In achieving good indoor environmental quality in historic facilities, clear goals must be established early on and then stressed and reexamined throughout the renovation process, according to Baron.
“It might be obvious that low-VOC materials should be specified and installed, but changes happen in the construction process,” he says.
He recalls a recent project for which his firm specified a special epoxy flooring with minimal synthetic components. While not a standard offering from the manufacturer, it was available when required. But the flooring subcontractor failed to recognize the product designation, assumed the architect made a mistake in the specification, and planned to use the standard product.
“It would have been easy to miss this change, but our construction administration staff caught the oversight and were able to stress that the special-order material must be used,” Baron says. “Since our staff understood the goals and intent, we caught what might have seemed like a routine product substitution.”
Moss recommends across-the-board involvement.
“It’s best to involve the design and construction team early in the planning process,” he says. “The time and effort spent in preplanning and mockups for everything from paint on plaster walls to lighting and windows can minimize surprises and guarantee a successful completed project for the entire design, construction, and client team.”
He also advises careful consideration of the costs that might be involved.
“It’s important for campus leaders to consider the additional upfront cost for adding systems that never existed or upgrading an outdated system in the planning of a renovation of an historic facility,” Moss says. “While that initial cost will be higher, there will be an eventual payback in better air quality and energy efficiency that should result in lower utility costs.

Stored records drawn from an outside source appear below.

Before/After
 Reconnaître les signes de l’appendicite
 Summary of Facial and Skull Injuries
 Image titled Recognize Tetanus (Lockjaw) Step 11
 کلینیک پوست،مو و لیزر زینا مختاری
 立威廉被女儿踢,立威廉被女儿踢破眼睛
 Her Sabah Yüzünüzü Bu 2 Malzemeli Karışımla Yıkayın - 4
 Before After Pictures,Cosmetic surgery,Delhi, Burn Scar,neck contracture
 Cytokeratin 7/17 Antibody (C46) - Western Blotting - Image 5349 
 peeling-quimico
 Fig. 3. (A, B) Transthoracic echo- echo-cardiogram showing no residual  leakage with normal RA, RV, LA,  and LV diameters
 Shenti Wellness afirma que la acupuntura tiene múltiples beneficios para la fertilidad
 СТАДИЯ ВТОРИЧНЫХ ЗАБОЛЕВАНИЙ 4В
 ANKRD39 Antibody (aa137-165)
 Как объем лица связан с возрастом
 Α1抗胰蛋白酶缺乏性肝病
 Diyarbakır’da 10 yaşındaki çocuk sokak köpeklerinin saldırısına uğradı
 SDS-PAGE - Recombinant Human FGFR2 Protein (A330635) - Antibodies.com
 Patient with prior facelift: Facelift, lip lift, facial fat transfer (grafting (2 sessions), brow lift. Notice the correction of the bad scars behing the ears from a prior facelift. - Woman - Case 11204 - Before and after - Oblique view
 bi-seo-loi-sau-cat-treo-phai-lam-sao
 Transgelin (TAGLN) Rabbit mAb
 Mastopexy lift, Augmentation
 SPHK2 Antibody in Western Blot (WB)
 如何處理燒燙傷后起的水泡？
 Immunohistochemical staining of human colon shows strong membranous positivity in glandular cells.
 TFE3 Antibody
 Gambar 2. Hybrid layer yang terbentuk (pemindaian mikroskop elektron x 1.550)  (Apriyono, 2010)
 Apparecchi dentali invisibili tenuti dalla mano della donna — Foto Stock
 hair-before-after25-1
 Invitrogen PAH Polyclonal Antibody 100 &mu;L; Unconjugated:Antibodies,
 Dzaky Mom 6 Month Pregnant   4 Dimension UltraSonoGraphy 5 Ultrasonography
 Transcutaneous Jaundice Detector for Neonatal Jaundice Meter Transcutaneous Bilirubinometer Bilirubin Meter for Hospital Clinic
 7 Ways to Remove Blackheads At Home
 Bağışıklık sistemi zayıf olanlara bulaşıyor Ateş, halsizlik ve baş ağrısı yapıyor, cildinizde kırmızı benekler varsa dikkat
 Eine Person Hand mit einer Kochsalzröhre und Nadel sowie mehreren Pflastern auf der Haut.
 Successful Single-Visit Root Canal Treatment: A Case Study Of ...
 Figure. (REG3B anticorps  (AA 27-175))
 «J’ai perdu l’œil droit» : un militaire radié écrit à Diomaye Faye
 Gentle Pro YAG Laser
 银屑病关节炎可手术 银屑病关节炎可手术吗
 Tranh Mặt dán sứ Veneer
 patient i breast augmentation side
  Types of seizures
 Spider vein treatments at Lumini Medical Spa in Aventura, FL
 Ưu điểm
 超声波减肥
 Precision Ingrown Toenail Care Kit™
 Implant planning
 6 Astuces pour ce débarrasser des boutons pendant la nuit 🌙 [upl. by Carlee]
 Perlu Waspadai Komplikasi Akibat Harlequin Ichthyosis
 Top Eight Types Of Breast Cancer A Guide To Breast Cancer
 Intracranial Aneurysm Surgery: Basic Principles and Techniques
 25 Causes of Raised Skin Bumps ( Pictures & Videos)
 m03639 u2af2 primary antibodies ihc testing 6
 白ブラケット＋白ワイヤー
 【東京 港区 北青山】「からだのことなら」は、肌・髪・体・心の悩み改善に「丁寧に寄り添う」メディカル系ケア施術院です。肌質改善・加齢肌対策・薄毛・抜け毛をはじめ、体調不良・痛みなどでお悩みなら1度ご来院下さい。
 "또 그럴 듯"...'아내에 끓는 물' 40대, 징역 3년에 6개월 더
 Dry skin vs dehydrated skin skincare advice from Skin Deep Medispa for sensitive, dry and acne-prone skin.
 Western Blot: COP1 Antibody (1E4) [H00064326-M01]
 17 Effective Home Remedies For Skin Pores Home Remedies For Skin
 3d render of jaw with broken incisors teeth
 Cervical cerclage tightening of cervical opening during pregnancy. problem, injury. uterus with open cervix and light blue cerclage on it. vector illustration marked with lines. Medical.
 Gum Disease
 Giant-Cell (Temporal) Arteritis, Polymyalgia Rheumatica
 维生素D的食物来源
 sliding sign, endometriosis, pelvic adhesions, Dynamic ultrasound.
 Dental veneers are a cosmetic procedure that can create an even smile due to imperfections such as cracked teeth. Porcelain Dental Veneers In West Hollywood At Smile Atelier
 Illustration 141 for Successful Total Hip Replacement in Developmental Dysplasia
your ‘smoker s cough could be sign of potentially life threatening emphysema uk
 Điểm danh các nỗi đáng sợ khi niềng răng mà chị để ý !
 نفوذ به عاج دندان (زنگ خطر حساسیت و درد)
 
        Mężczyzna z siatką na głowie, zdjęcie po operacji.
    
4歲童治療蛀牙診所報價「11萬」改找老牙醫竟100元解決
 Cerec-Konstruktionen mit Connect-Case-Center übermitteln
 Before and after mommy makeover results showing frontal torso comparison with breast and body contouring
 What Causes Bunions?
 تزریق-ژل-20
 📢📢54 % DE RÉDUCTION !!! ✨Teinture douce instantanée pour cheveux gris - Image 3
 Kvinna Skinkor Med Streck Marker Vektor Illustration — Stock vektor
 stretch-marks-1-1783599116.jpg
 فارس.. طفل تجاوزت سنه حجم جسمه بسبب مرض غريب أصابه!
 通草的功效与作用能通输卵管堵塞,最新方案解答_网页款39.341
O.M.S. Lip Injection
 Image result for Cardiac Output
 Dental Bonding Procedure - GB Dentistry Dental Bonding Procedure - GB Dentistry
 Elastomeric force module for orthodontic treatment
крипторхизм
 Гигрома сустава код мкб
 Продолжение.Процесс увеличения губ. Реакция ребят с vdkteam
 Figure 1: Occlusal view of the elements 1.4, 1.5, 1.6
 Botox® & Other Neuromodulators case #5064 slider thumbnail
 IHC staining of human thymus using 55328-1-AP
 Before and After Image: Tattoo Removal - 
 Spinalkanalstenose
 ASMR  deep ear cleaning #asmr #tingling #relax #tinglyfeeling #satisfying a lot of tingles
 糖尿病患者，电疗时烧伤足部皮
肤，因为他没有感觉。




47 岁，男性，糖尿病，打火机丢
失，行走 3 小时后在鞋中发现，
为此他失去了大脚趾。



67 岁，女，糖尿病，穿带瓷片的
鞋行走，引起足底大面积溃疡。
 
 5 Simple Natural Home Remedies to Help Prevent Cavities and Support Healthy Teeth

It is important to consider the overall value to the completed project.”
Of course even when costs are accounted for, renovating older buildings has never been easy. But in an era of high expectations, more attention than ever must be given to the quality of the indoor environment. If proper attention is given to this factor as construction plans are made, however, historic structures can
be adapted to meet today’s exacting standards.
Mark Rowh is a Virginia-based freelance writer specializing in higher education and business topics.